Material provided.

Start of Block

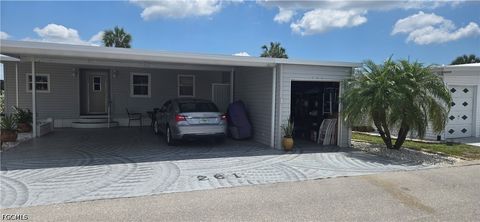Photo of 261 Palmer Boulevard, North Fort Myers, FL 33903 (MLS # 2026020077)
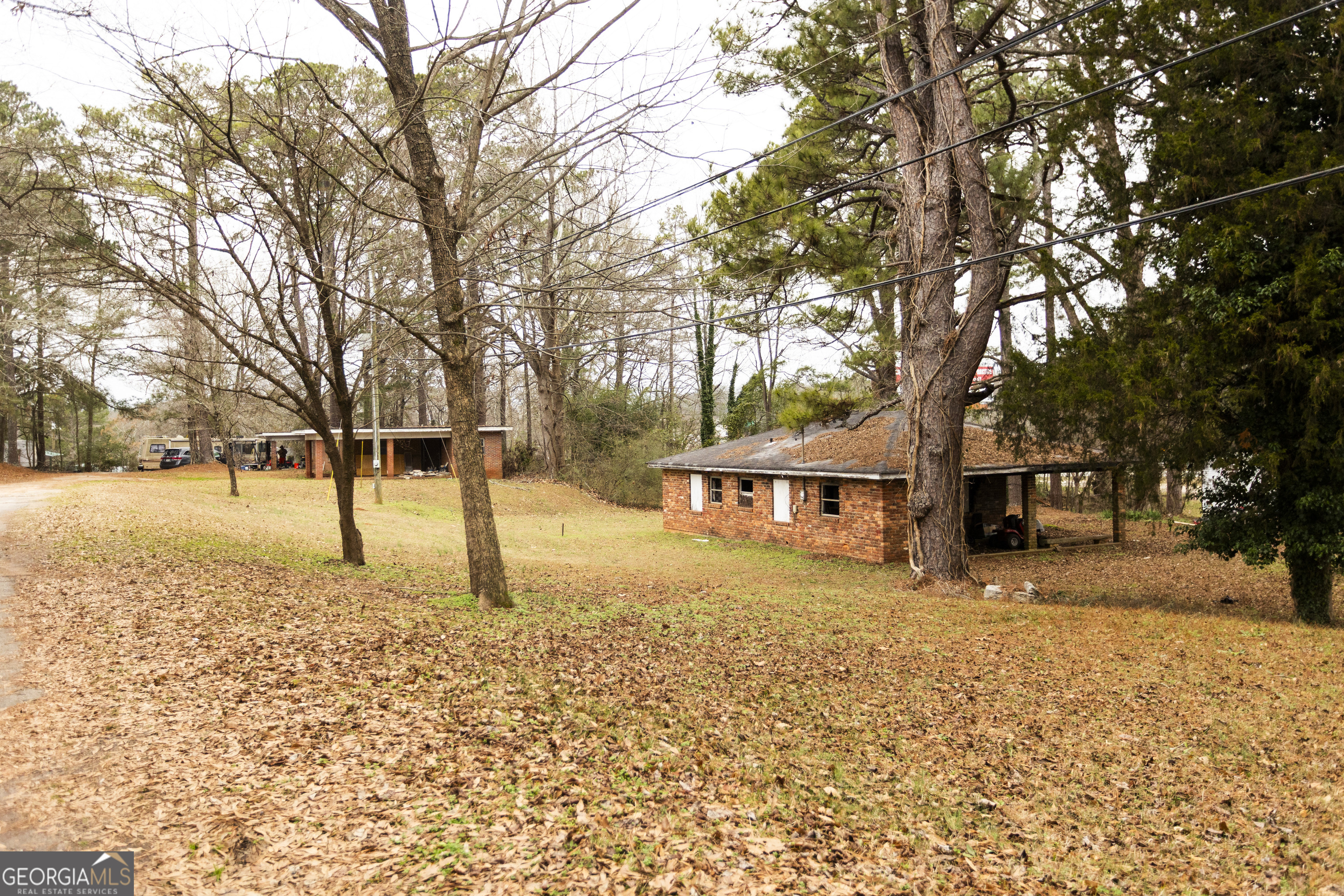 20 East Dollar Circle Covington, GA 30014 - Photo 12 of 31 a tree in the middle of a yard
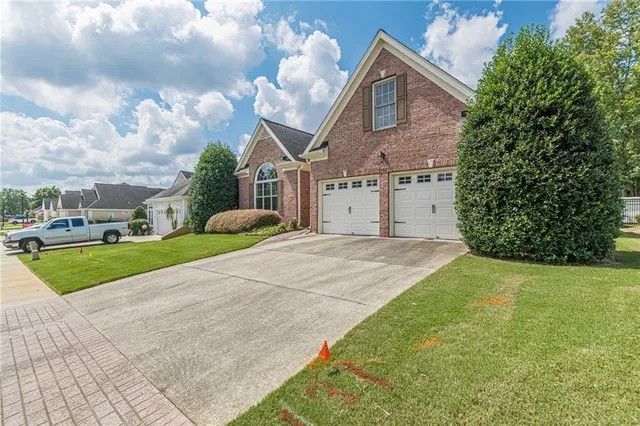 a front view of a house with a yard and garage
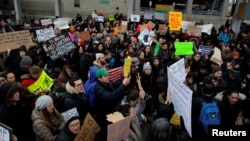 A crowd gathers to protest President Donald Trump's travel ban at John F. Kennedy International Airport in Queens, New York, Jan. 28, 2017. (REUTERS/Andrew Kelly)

End of Block
Start of Block

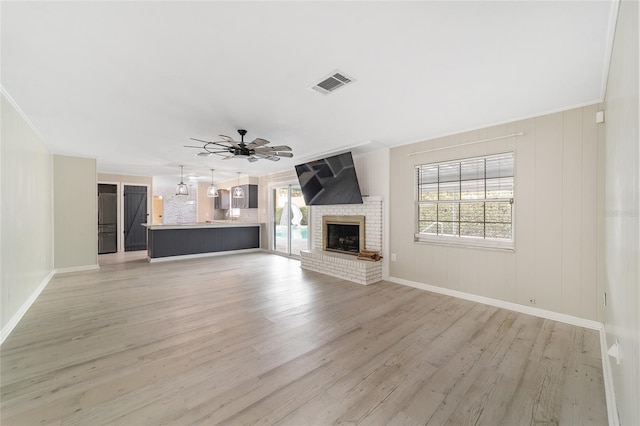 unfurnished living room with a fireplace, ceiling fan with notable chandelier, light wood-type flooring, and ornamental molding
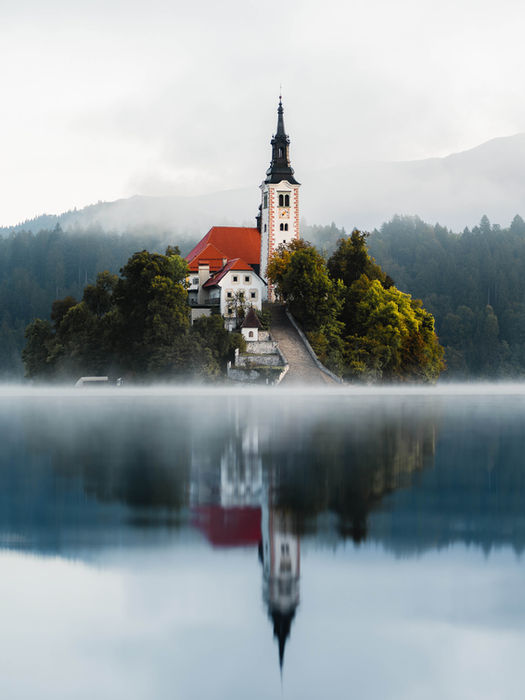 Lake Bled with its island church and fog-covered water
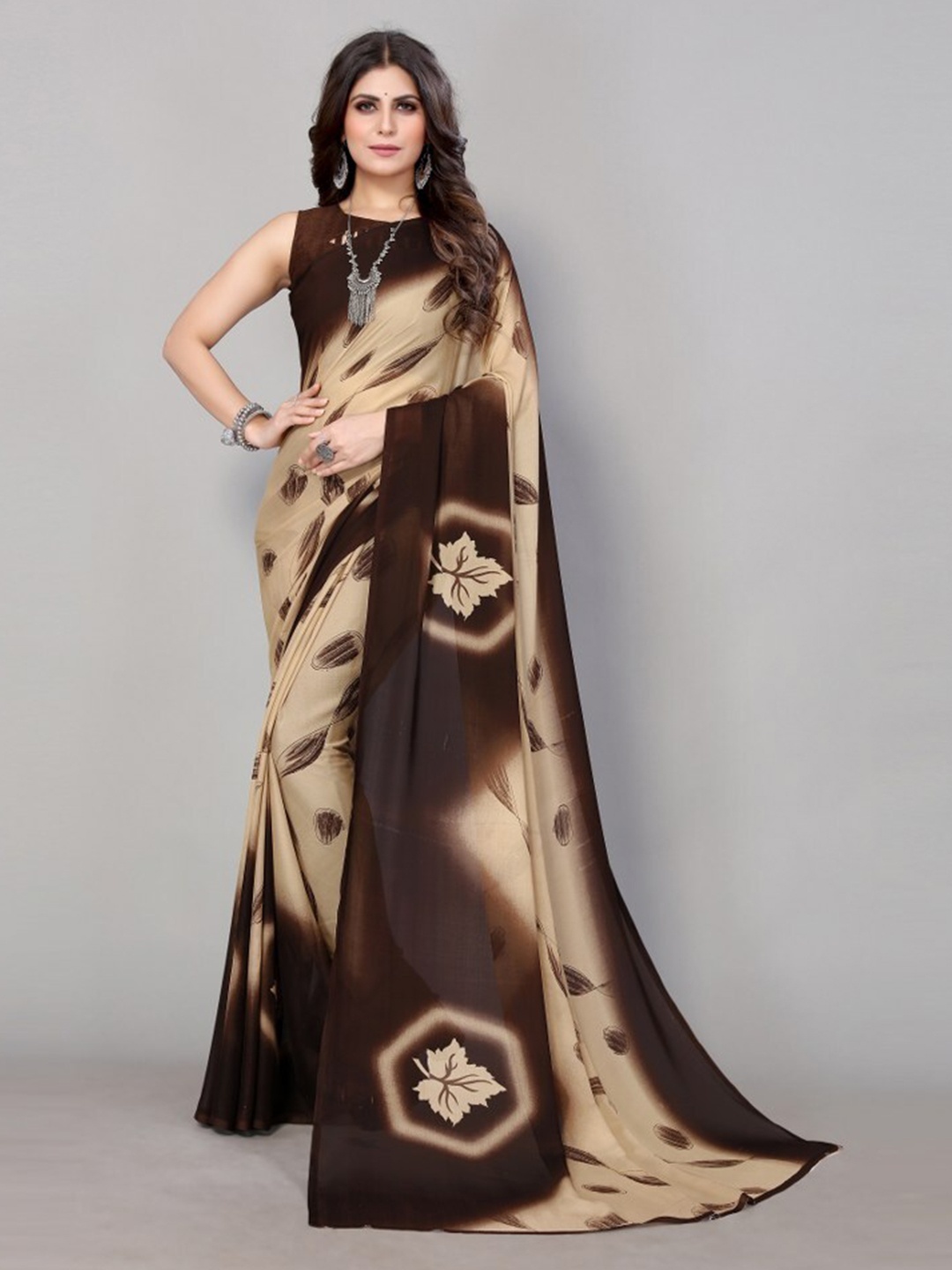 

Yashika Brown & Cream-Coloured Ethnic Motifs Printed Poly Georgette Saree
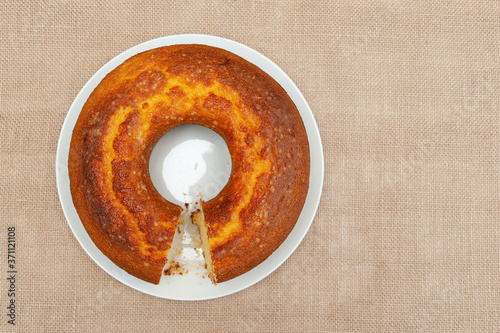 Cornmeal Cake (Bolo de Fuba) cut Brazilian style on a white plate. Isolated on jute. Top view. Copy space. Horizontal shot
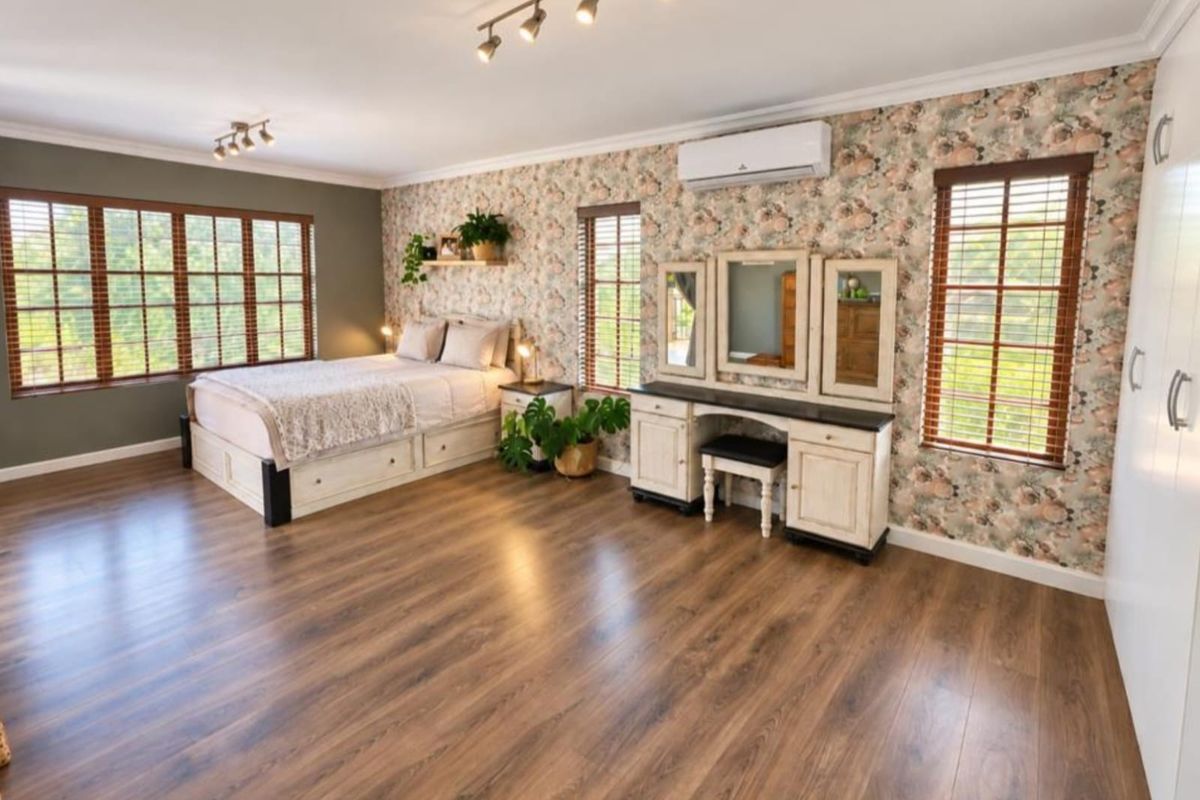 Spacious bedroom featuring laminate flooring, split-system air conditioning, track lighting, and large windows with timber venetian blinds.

End of Block
Start of Block

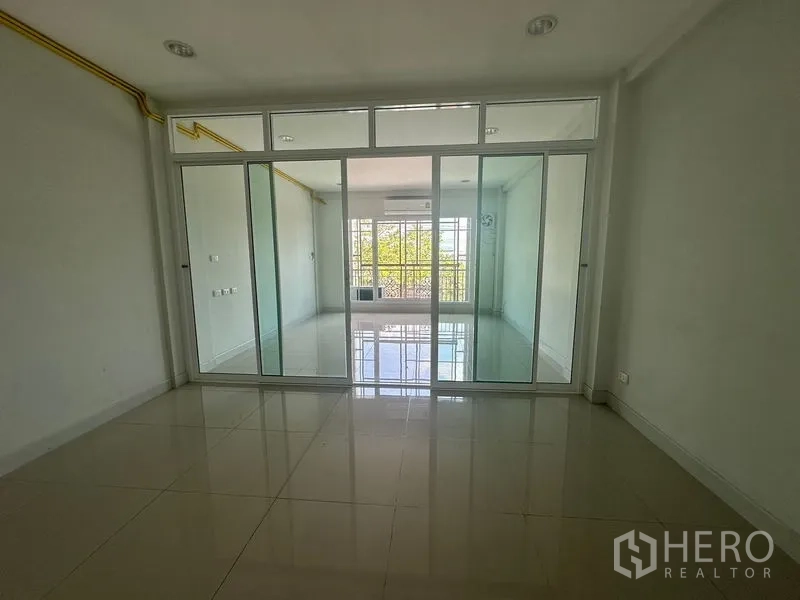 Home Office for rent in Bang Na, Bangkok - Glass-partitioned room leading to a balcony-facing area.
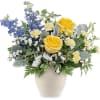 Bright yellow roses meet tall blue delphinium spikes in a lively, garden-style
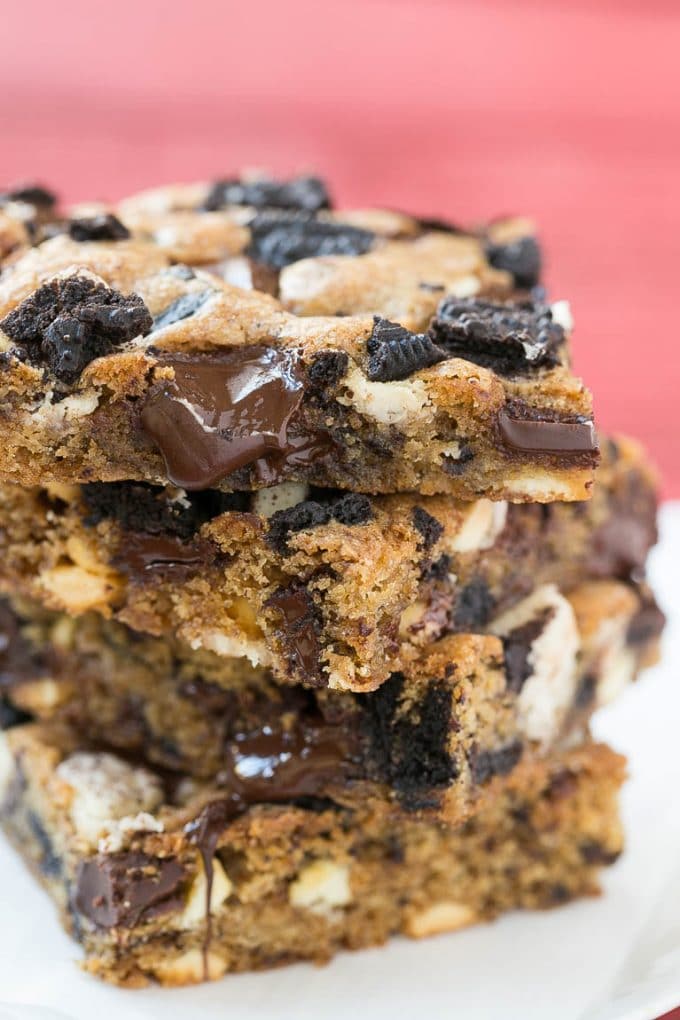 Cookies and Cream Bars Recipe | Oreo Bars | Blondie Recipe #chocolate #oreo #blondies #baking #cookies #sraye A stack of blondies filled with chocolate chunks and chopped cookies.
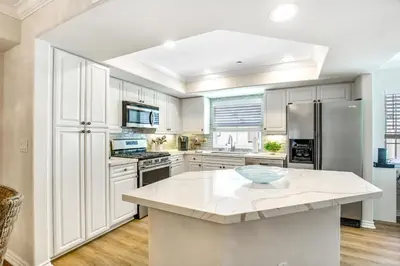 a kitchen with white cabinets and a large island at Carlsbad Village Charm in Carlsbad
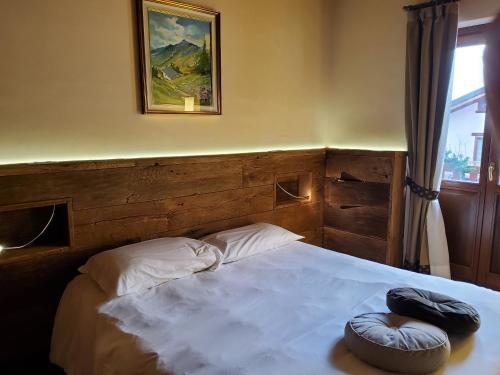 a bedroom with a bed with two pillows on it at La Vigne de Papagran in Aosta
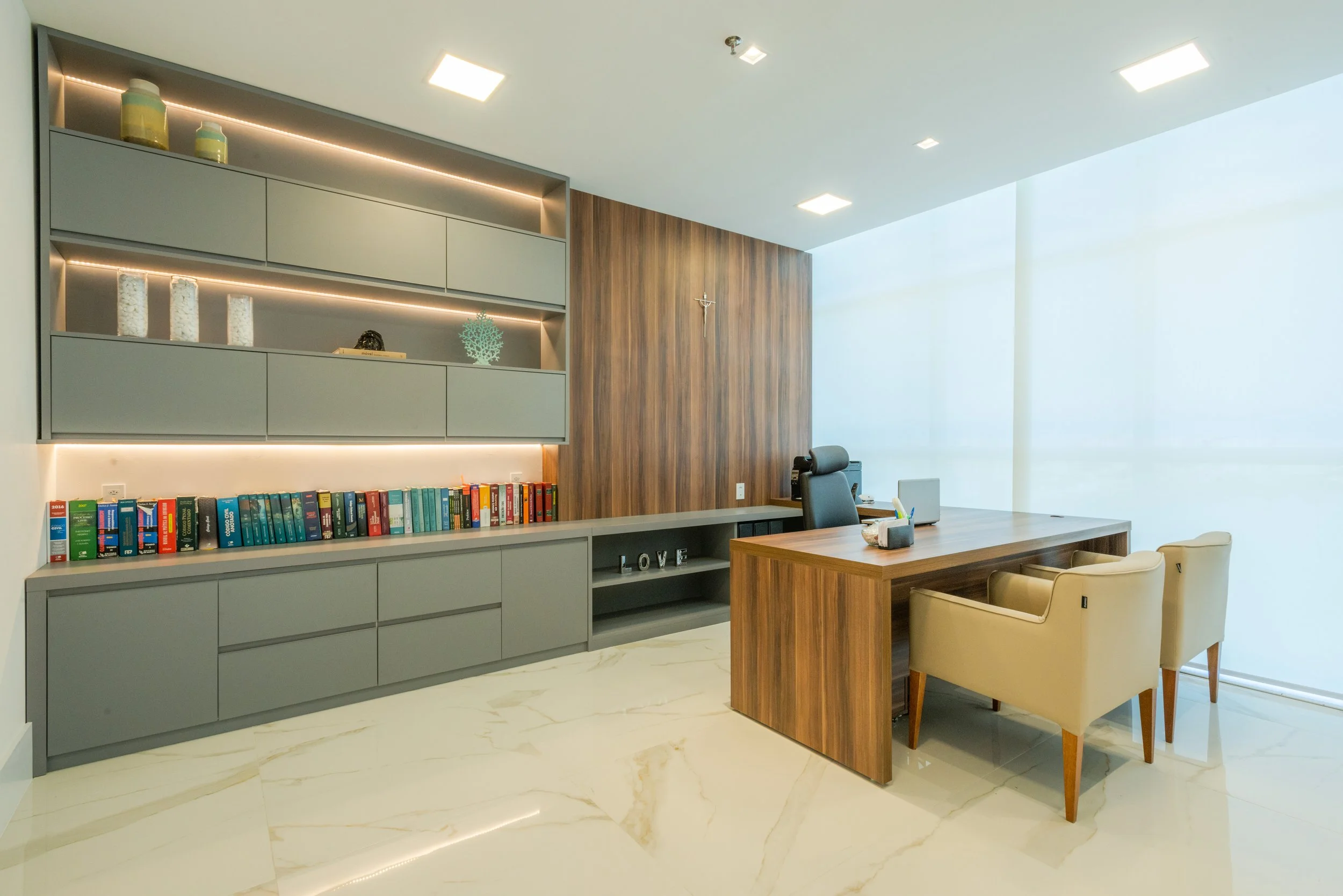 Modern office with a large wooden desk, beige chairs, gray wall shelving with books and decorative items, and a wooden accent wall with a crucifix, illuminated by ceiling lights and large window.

End of Block

What is being asked. Please return the data above exactly as it stands from the line with "Photo of 261" to the line with "A crowd gathers", keeping both of those lines but none of the pictures.

The completed task.
Photo of 261 Palmer Boulevard, North Fort Myers, FL 33903 (MLS # 2026020077)
 20 East Dollar Circle Covington, GA 30014 - Photo 12 of 31 a tree in the middle of a yard
 a front view of a house with a yard and garage
 A crowd gathers to protest President Donald Trump's travel ban at John F. Kennedy International Airport in Queens, New York, Jan. 28, 2017. (REUTERS/Andrew Kelly)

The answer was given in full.